_What the task requires_
Could you restate word for word each line from the top of the listing below through the line containing "Image of Massey"? Keep the pictures out.

_Provided data_
┌────────
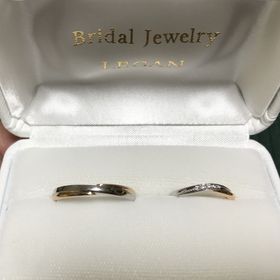 【LEGAN(レガン)の口コミ】 ウェーブしてるデザインのものを探していました。あまり人と被らないけど…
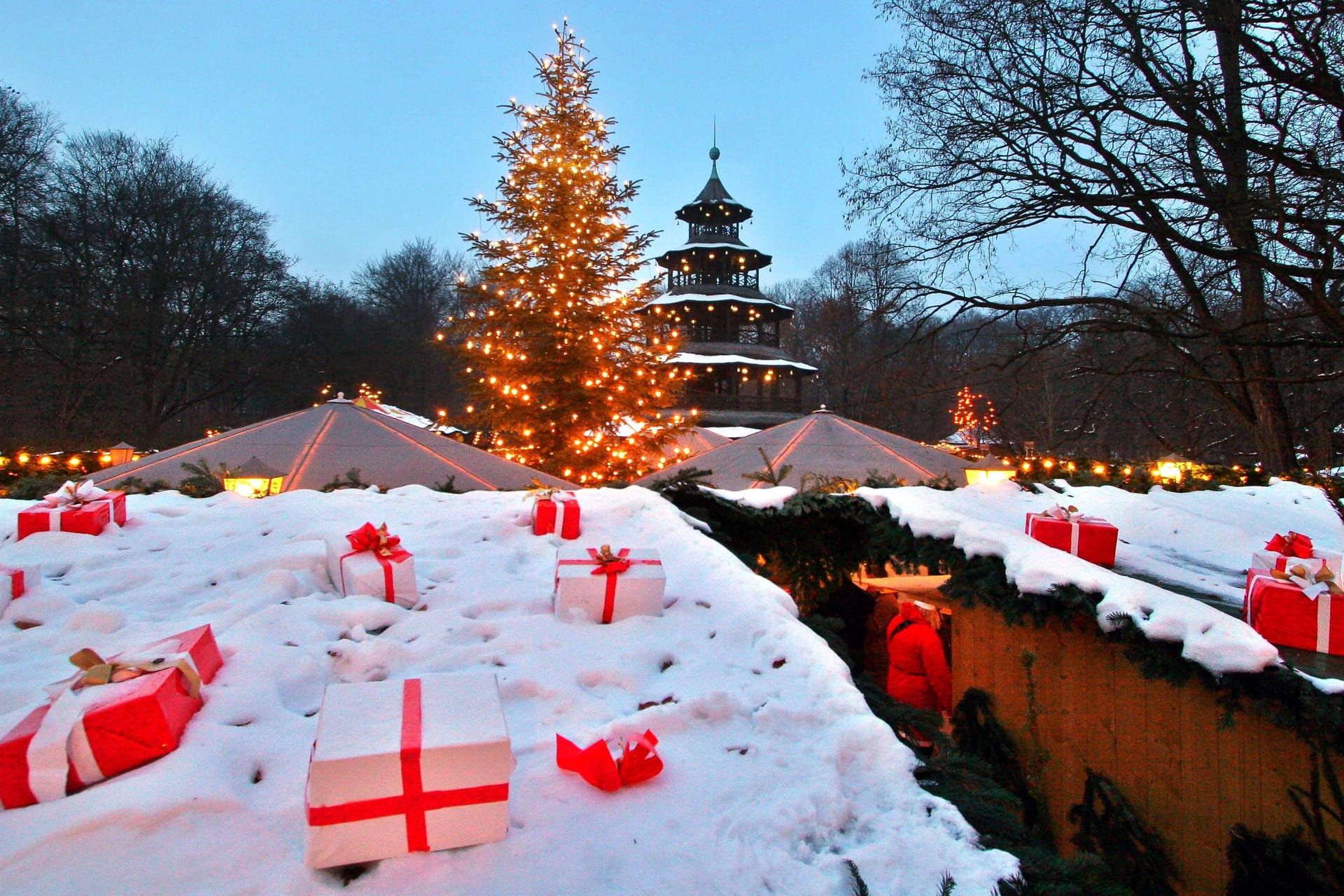 Geschenke auf den Dächern der Buden des Weihnachtsmarkts in München (Archivbild): In der bayerischen Landeshauptstadt gibt es jede Menge kreative Geschenke.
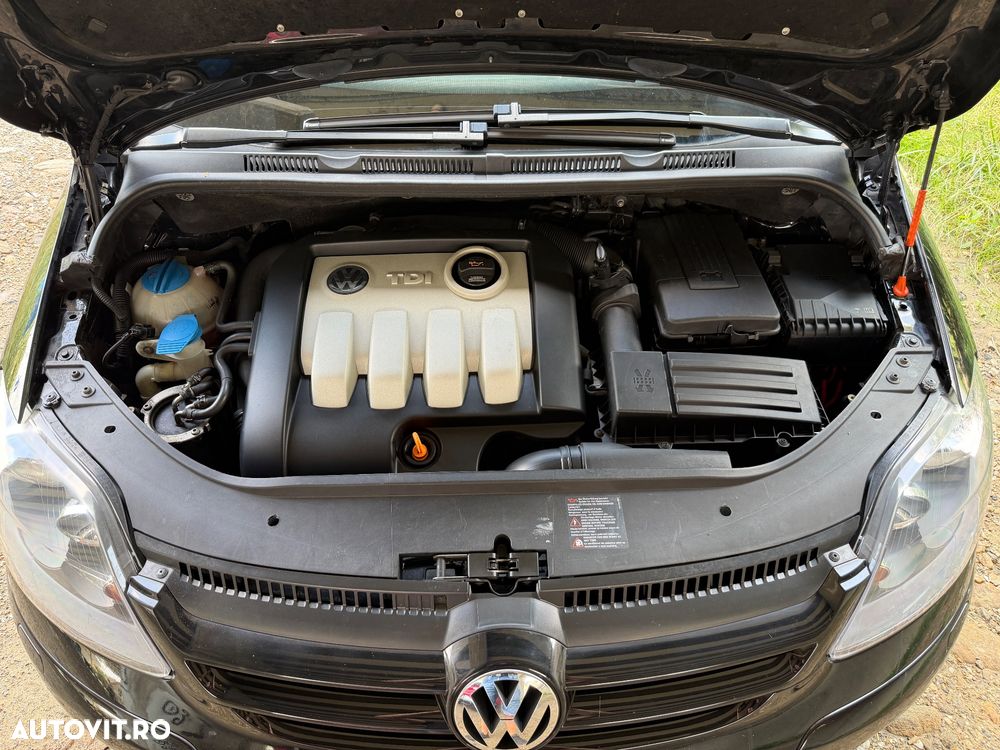Volkswagen Golf Plus 1.9 TDI DSG Goal - 12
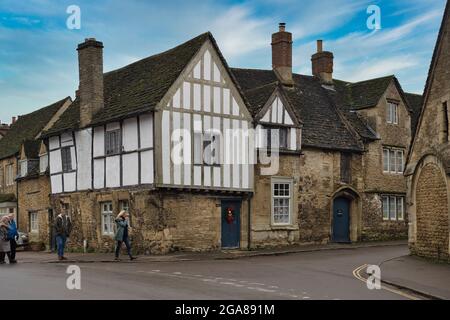 Eine Straße mit schönen alten Giebelhäusern, typisch englisch, im Dorf Lacock, Wiltshire, England, Großbritannien Stockfoto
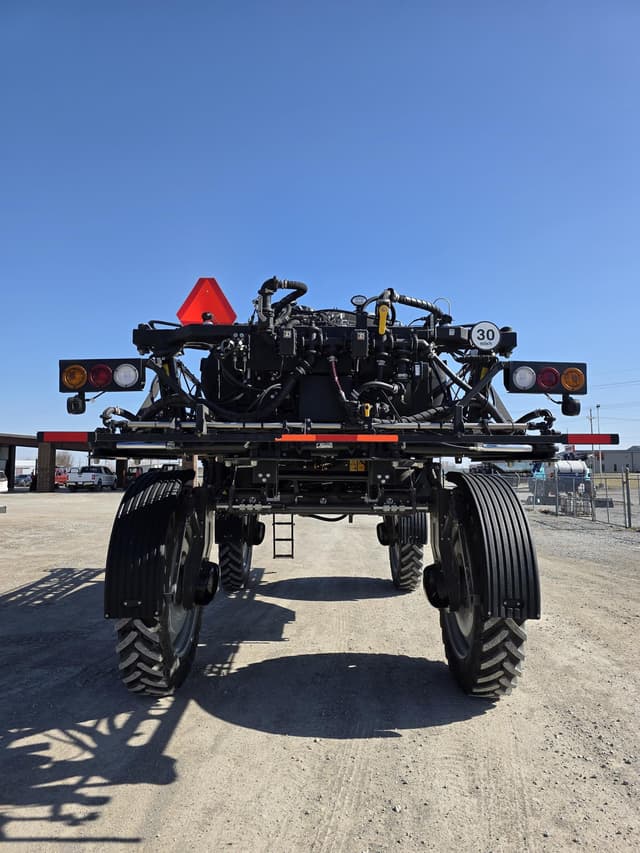 Image of Massey Ferguson 530R equipment image 1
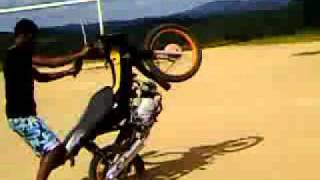 Empinando com a pop100!!!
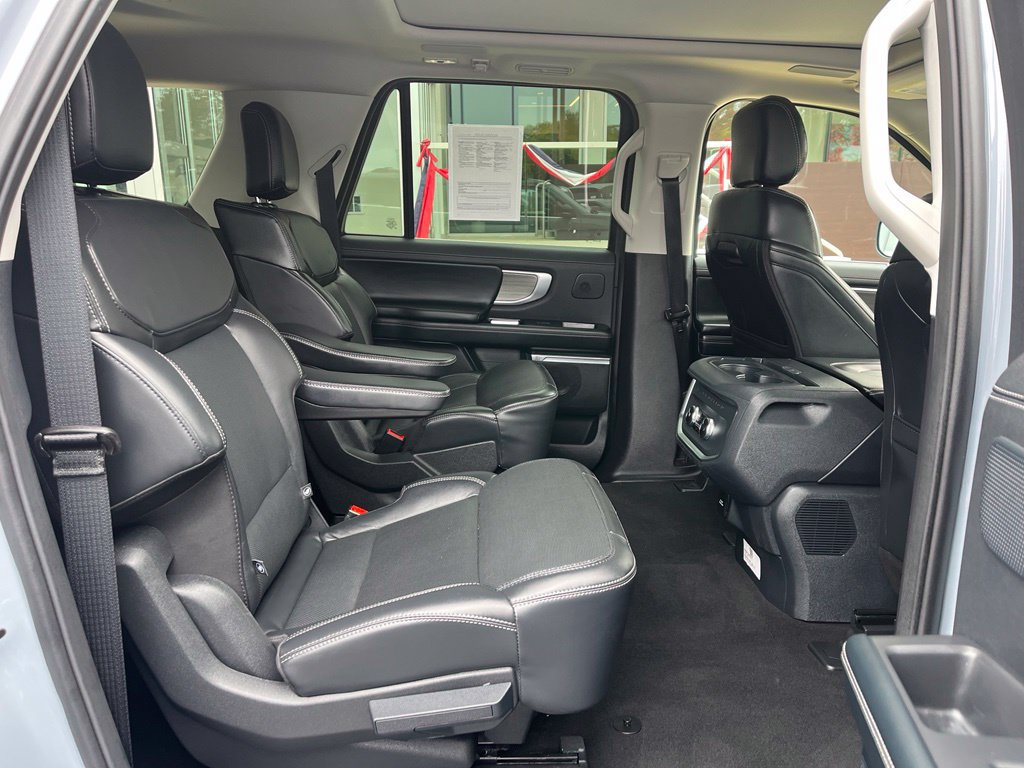 Certified 2025 Ford Expedition Max Platinum w/ Driver's Package AWD/4WD image 19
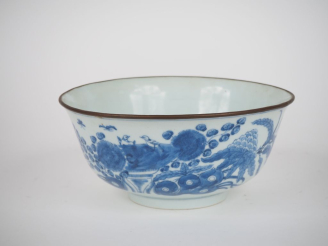 Vente aux enchères Vietnam, fin du XIXe siècle,  Coupe en porcelaine bleu de Hué, à décor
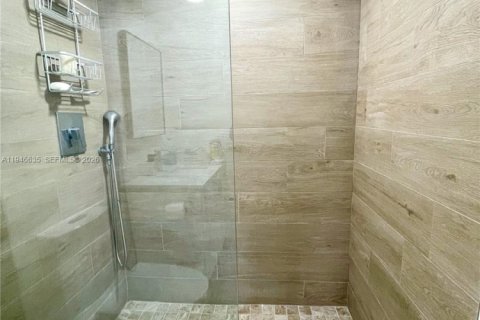 Купить кондоминиум в Бей-Харбор-Айлендс, Флорида 2 спальни, 97.55м2, № 2005033 - фото 13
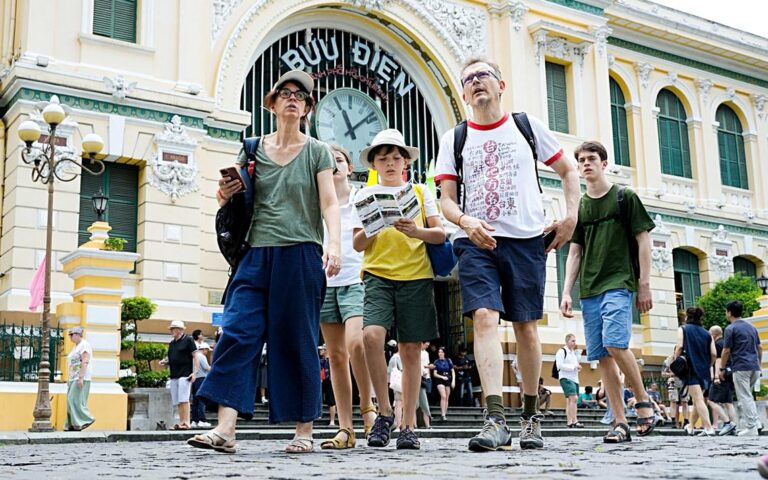 ホーチミン市、外国人観光客の消費促進策を議論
└────────
_Solution_
 【LEGAN(レガン)の口コミ】 ウェーブしてるデザインのものを探していました。あまり人と被らないけど…
 Geschenke auf den Dächern der Buden des Weihnachtsmarkts in München (Archivbild): In der bayerischen Landeshauptstadt gibt es jede Menge kreative Geschenke.
Volkswagen Golf Plus 1.9 TDI DSG Goal - 12
 Eine Straße mit schönen alten Giebelhäusern, typisch englisch, im Dorf Lacock, Wiltshire, England, Großbritannien Stockfoto
 Image of Massey Ferguson 530R equipment image 1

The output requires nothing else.